=== Caption-style text data ===
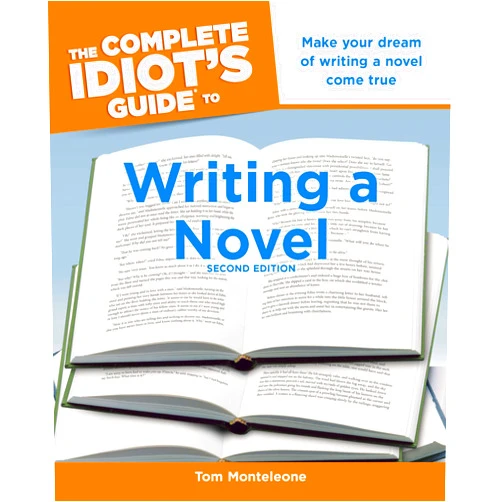 By Tom Monteleone (Author) Format: Kindle Edition The Complete Idiot's Guide to Writing a Novel, 2nd Edition: Make Your Dream of Writing a Novel Come True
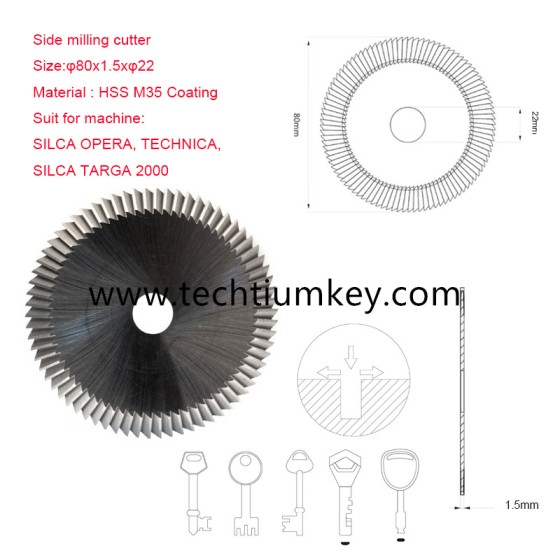 Side milling cutter Size:φ80x1.5xφ22 Material : HSS M35 Coating Suit for machine: SILCA OPERA, TECHNICA, SILCA TARGA 2000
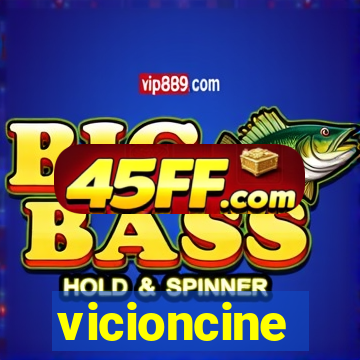 vicioncine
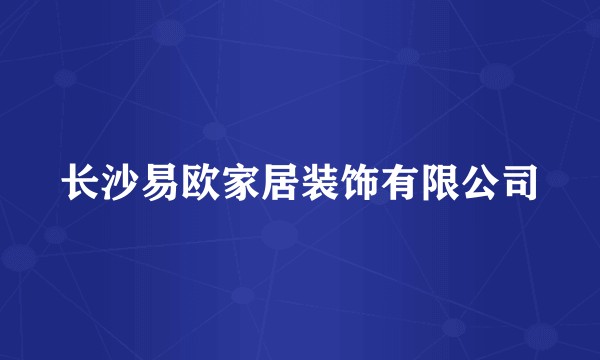 长沙易欧家居装饰有限公司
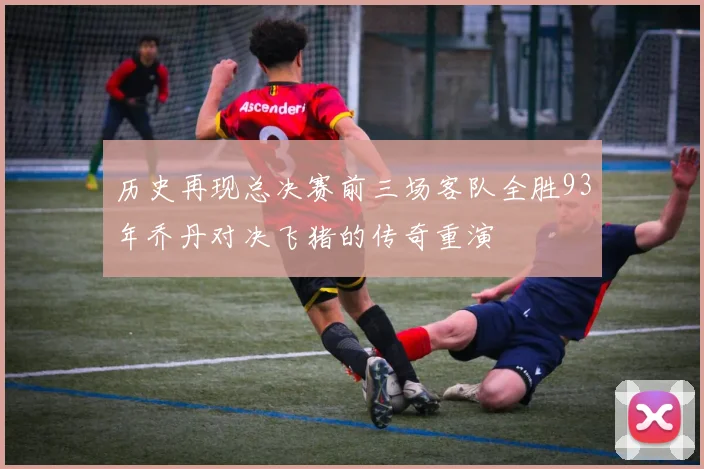 历史再现总决赛前三场客队全胜93年乔丹对决飞猪的传奇重演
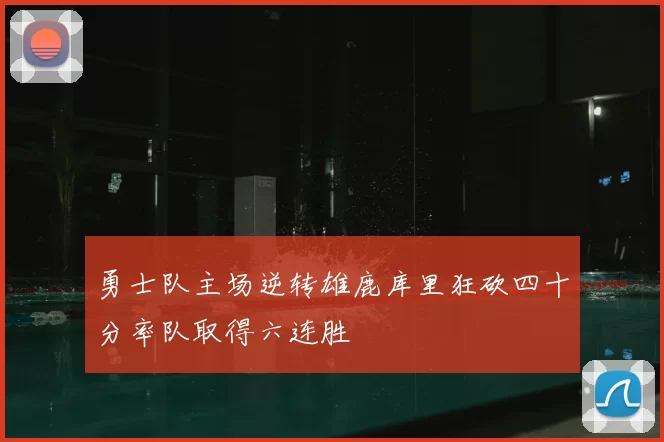 勇士队主场逆转雄鹿库里狂砍四十分率队取得六连胜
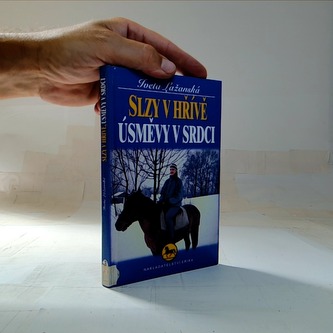 Slzy v hřívě, úsměvy v srdci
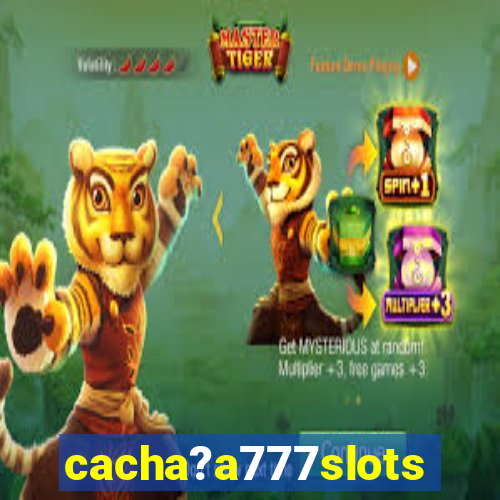 cacha?a777slots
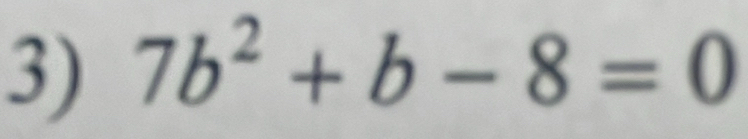 7b^2+b-8=0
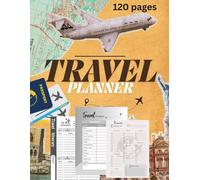 TRAVEL PLANNER: Travel Budget, Packing Checklist and Travel Itinerary, All in One Book, 120 Pages.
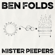 Mister Peepers - Ben Folds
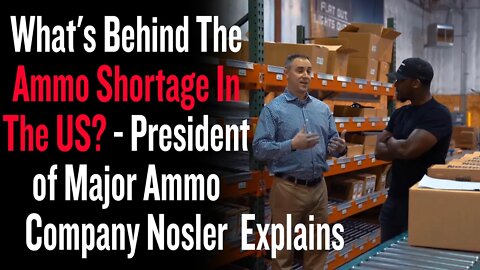 What's Behind The Ammo Shortage In The US? - President of Major Ammo Company Nosler Explains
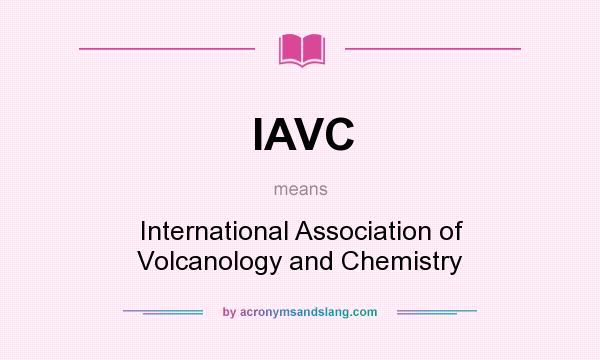 What does IAVC mean? It stands for International Association of Volcanology and Chemistry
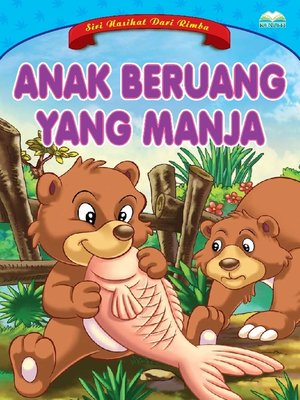 cover image of Anak Beruang Yang Manja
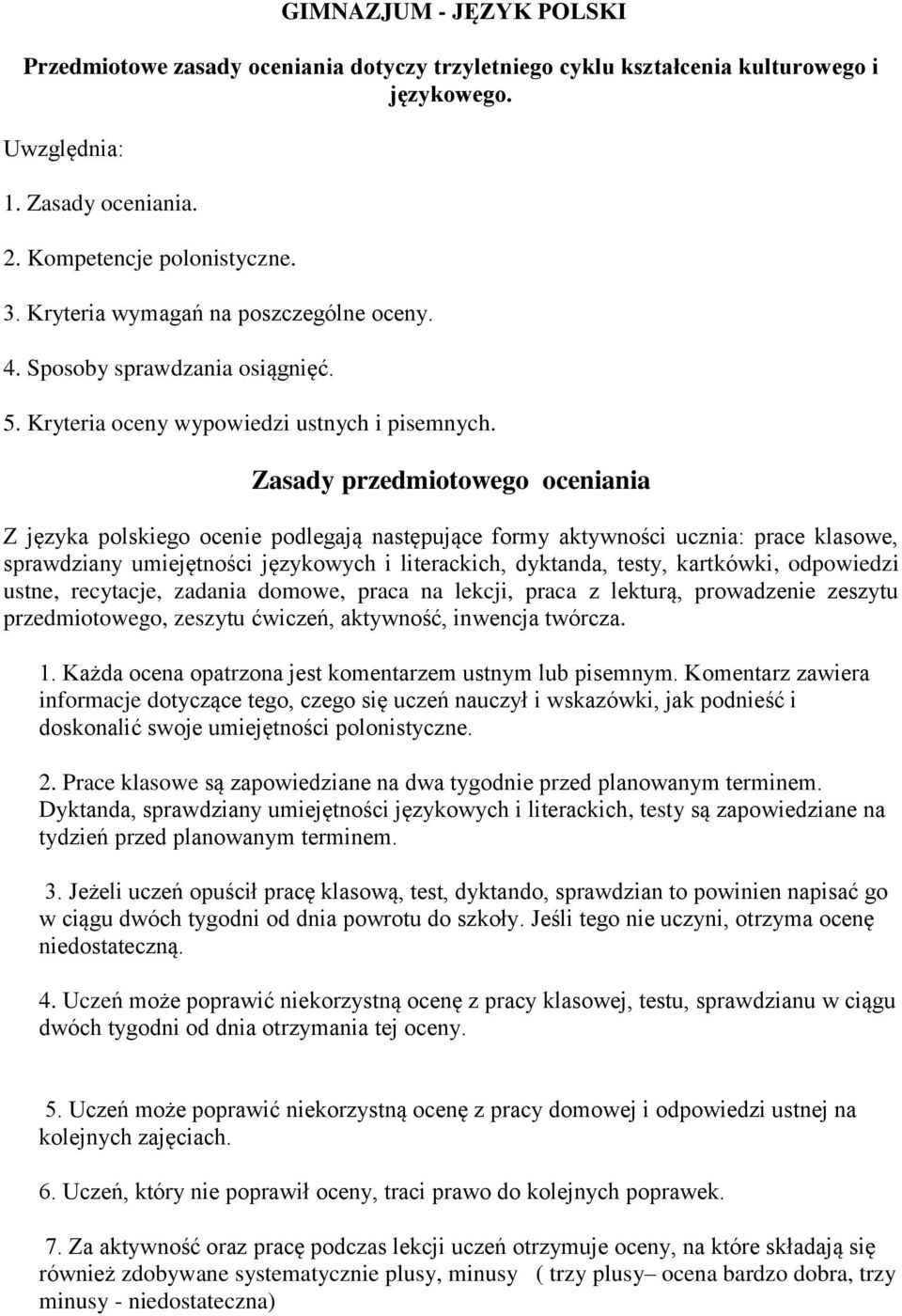 Zasady przedmiotowego oceniania Z języka polskiego ocenie podlegają następujące formy aktywności ucznia: prace klasowe, sprawdziany umiejętności językowych i literackich, dyktanda, testy, kartkówki,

=== TASK BRIEF ===
Retype the records above exactly, starting at the line that contains "cover image of Anak Beruang Yang Manja" and going through the last line, and leave out any pictures.

=== PROBLEM SOLUTION ===
 cover image of Anak Beruang Yang Manja
 Zasady przedmiotowego oceniania Z języka polskiego ocenie podlegają następujące formy aktywności ucznia: prace klasowe, sprawdziany umiejętności językowych i literackich, dyktanda, testy, kartkówki,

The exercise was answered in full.